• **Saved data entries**
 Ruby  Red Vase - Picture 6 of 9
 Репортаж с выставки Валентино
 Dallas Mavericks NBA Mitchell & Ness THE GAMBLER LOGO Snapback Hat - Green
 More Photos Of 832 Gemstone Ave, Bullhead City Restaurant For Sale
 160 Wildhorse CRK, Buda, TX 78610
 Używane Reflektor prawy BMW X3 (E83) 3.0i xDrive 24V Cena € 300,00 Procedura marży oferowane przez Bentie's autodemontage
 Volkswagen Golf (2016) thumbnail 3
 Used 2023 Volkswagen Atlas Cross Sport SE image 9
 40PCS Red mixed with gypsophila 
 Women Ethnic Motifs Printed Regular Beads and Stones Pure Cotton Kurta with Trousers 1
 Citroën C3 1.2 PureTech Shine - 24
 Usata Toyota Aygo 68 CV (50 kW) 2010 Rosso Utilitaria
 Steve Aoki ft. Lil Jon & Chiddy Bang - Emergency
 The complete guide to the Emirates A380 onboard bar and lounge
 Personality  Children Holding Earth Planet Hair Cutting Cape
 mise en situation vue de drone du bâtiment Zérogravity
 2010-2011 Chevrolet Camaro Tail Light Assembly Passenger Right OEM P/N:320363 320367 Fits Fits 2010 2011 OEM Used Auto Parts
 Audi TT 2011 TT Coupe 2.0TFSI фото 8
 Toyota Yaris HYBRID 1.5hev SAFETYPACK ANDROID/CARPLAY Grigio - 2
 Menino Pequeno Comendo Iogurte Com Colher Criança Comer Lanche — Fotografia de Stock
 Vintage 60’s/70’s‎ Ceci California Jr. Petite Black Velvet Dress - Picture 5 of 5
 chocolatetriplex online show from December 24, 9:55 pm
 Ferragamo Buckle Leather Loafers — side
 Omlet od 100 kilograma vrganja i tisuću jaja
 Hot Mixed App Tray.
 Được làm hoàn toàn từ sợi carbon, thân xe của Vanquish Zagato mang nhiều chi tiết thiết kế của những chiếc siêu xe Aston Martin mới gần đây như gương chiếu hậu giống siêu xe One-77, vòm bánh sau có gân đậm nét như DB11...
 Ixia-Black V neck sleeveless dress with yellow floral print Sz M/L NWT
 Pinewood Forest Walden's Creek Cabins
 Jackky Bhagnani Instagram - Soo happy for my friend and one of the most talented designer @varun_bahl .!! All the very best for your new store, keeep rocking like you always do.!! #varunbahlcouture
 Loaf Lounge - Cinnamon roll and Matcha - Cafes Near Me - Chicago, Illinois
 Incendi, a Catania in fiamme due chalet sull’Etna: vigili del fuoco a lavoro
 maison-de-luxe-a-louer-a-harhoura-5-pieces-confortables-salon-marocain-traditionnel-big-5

• **Task prompt**
Note every line of the records that holds the word "with", and copy it.

• **Problem solution**
 40PCS Red mixed with gypsophila 
 Women Ethnic Motifs Printed Regular Beads and Stones Pure Cotton Kurta with Trousers 1
 Ixia-Black V neck sleeveless dress with yellow floral print Sz M/L NWT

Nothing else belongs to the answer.